Beckenbauer, Muller, Sepp Maier, Uli Hoeness, ‘Schorsch’ Schwarzenbeck & Co had won the Champions Cup under Lattek in 1974 and then, weeks later, the World Cup. But the hangover endured throughout the autumn ‘term’ and Bayern were down in 14th place at Christmas.

In mid-January president Wilhelm Neudecker replaced Lattek with his one-time DFB colleague Cramer. Bayern retained the European Cup in 1975 (against Leeds) and again in 1976 (against Saint-Etienne) and even won the World Club Cup. But the departure of Beckenbauer for New York Cosmos was fatal. By December 1977 Bayern were third from bottom of the Bundesliga.

Neudecker, in a remarkable sleight of hand, exchanged Cramer for Eintracht Frankfurt’s Gyula Lorant. “We would have the best-educated players in the second division,” said Neudecker, in a derisive reference to Cramer’s earnest style.

Cramer’s sometimes humourless approach was not always appreciated by rival coaches either. The extrovert Max Merkel taunted him: “What does he know? He has only been teaching blacks in Senegal how to dribble around cactus plants.”

“Herr Merkel needs a geography lesson,” replied a deadpan Cramer. “There are no cactus plants in Senegal.”

But his own players admired him. Rummenigge, now Bayern’s chairman, says: “Dettmar Cramer was more than just a major figure in football. To me, he was a father figure – the most important in my career when I started out as a professional. To a great extent, I have him to thank for having had such a successful career.”

Two shots of cognac before a game had been Cramer’s recipe to Rummenigge as a cure for nerves before the youngster’s first European Cup Final in 1976. Clearly it worked.

Unusual records

Oddly Cramer remains the only coach of a German club to have retained the Champions Cup. Yet he is also one of the few Bayern coaches in the Bundesliga era never to have guided them to the league title.

On his death on September 17, many newspapers and websites dug into their files to find the ‘Napoleon’ picture which Cramer had disliked.

In the photo Cramer is pictured in a 19th-century French army uniform with a tricorn hat and his right hand on his chest in Napoleon pose.
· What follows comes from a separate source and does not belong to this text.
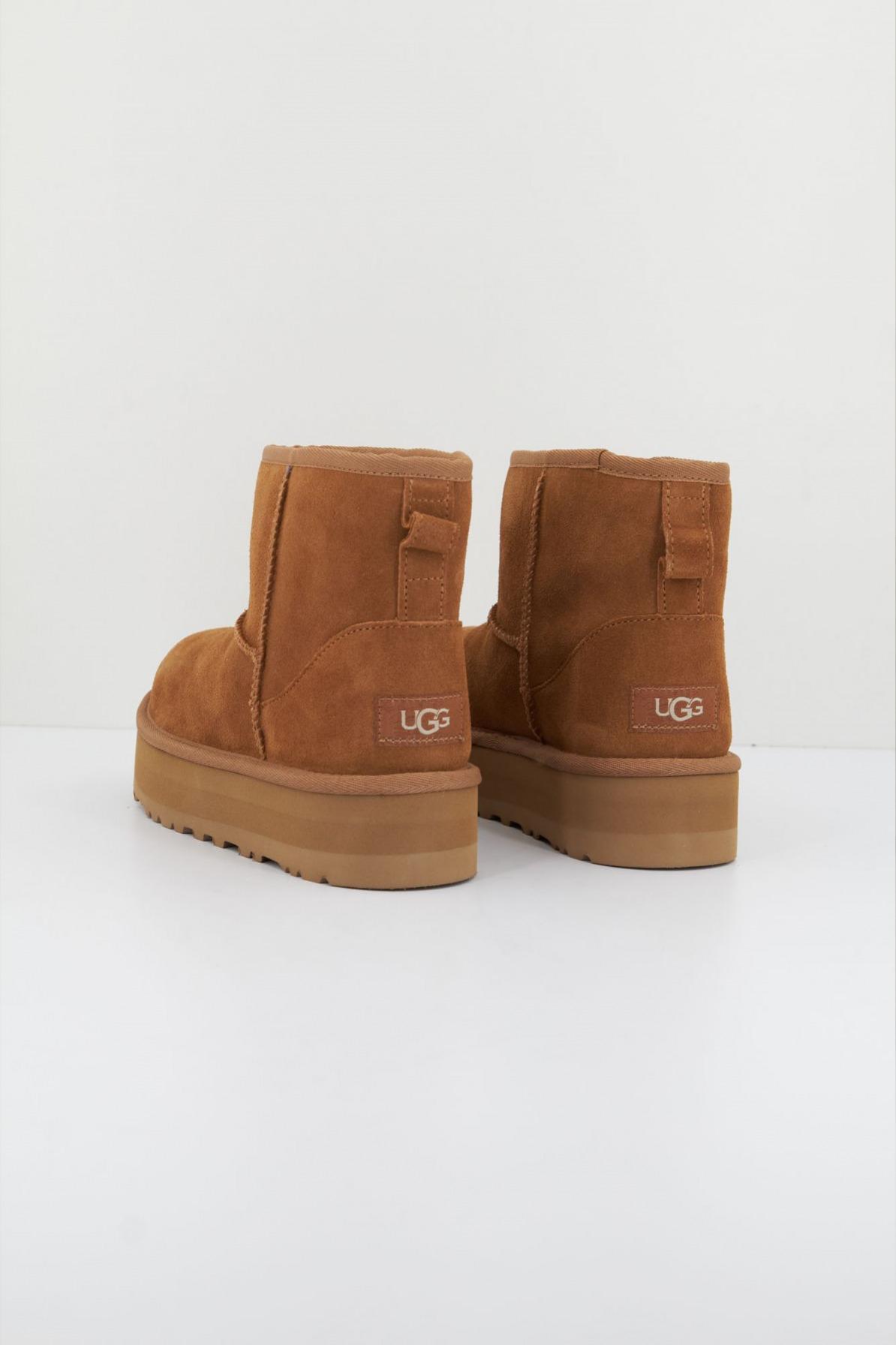 UGG CLASSIC MINI PLATFORM en color MARRON CLARO (2)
The picture was taken in the Munich Olympic Stadium in 1976 by the American photographer Diane Sandmann, then Beckenbauer’s partner.

“It was taken as a Oktoberfest joke,” Cramer told this writer years later. “I didn’t like it and I certainly didn’t like the nickname but, I must say, Napoleon won many more battles than he lost so maybe that was not so bad.”

Cramer lost his own last battle on September 17. The world of football lost not an emperor but an all-conquering missionary.